Le guance rosee della balia si fecero ancora più rosee; abbassò il mento timidamente, come una bambina.
«Badate che non gli vengano le gambe storte!», raccomandò lady Mont. «Basta col farlo camminare». La balia, preso in braccio il bimbo riluttante, lo rimise nella culla, da dove si mise a fissare con solennità Dinny. Lei disse:
«La mamma lo adora e crede che assomigli a Hubert».

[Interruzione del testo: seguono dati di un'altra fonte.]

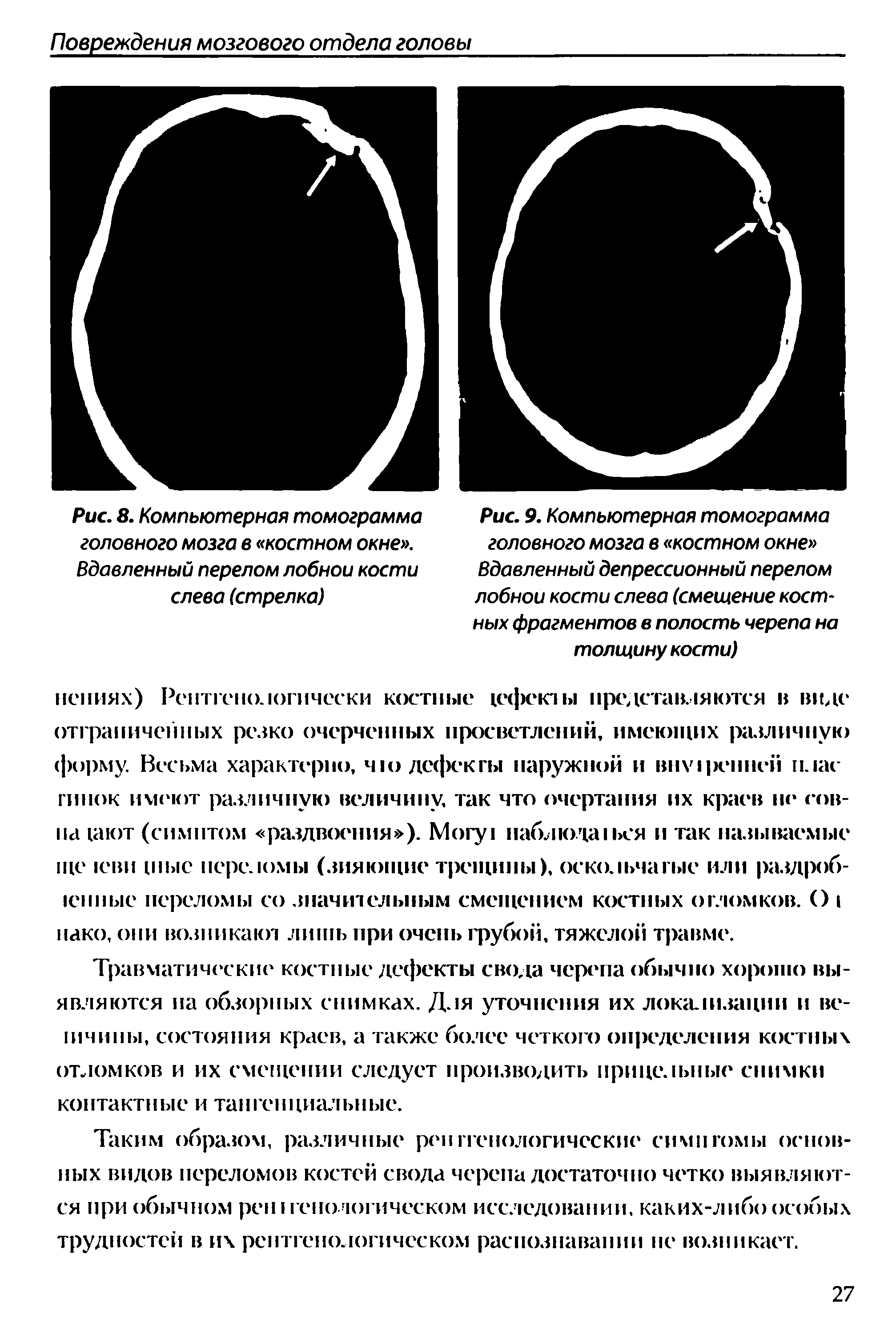 Рис. 9. Компьютерная томограмма головного мозга в костном окне Вдавленный депрессионный перелом лобной кости слева (смещение костных фрагментов в полость черепа на толщину кости)...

Lady Mont fece uno di quei rumori che si suppone divertano i bambini.
«Quando ritornerà Joan?»
«Non prima della prossima licenza di Hubert».
Lo sguardo di lady Mont si posò sulla nipote.
«Il padre di Joan mi ha detto che Alan ha ancora un anno da stare in Cina».
Dinny, che faceva dondolare un ninnolo sopra al bimbo, non le badò. Da quella sera d’estate dell’anno prima in cui era tornata a casa dopo la fuga di Wilfrid non aveva più fatto né aveva permesso che fosse fatta alcuna allusione ai suoi sentimenti. Nessuno, forse neppure lei stessa, sapeva se era guarita del suo mal d’amore. Era come se non avesse più un cuore. Così a lungo e così energicamente aveva combattuto contro il dolore che il suo cuore si era rifugiato nelle oscure profondità del suo essere dove quasi neanche lei ne distingueva il battito.
«Che cosa vorresti fare adesso, zietta? Il bimbo deve dormire».
«Portami a fare un giretto in giardino».
Scesero e uscirono sulla terrazza.
«Oh!», esclamò Dinny desolata, «Glover ha fatto cadere tutte le foglie del piccolo gelso. Era così bello vederle tremare sull’albero e poi cadere in cerchio tutte in giro. I giardinieri non hanno nessun senso estetico».
«Non vogliono spazzare. Dove è il cedro che ho piantato quando avevo cinque anni?»
Vi giunsero voltando dietro a un vecchio muro; il cedro era un fiorente giovanotto di circa sessant’anni con i rami piatti dorati dai raggi obliqui del sole.
«Mi piacerebbe essere sepolta qui sotto, Dinny. Ma immagino che non sia permesso. Mi metteranno in qualche posto senza aria».
«Io voglio essere cremata e che le mie ceneri siano disperse. Guarda quelli che arano quel campo… Mi piacciono i cavalli che si muovono lentamente stagliandosi sull’orizzonte».
«“Il mugghiante armento”», citò lady Mont senza ragione.
Un fievole tintinnio giunse da un pascolo di pecore a oriente.
«Ascolta, zia».
Lady Mont mise il braccio sotto a quello della nipote.
«Ho pensato spesso che mi piacerebbe essere una capra».
«Ma non in Inghilterra, attaccata a un palo a pascolare in un praticello sporco».
«No, con una campanella su per i monti. Anzi vorrei essere un caprone perché non mi mungano».
«Vieni a vedere i nostri nuovi fiori da recidere, zia. Adesso naturalmente non ci sono che dalie, godezie, crisantemi, astri e qualche penstemone e cosmie».
«Dinny», disse lady Mont inoltrandosi in mezzo alle dalie, «che intenzioni ha Clare? Dicono che adesso sia facile ottenere il divorzio».
«Finché ci provi, immagino».
«Per abbandono del tetto coniugale eccetera».
«Ma bisogna essere stati abbandonati».
«Mi hai detto che è lui che l’ha costretta».
«Non è la stessa cosa, cara».
«Gli avvocati sono tanto meticolosi con le leggi! Ti ricordi di quel magistrato con il naso lungo al processo per l’estradizione di Hubert?»
«Oh! alla fine si dimostrò di buon cuore».
«Come?»
«Andò a dire al Ministro degli Interni che Hubert diceva la verità».
«Un affare orribile», mormorò lady Mont, «ma a ricordarsene fa piacere».
«Perché ebbe un lieto fine», concluse subito Dinny. Lady Mont si fermò a fissare con tristezza la nipote. E Dinny, guardando dalla parte dei fiori, all’improvviso disse: «Zia Em, in un modo o in un altro anche per Clare deve esserci un lieto fine».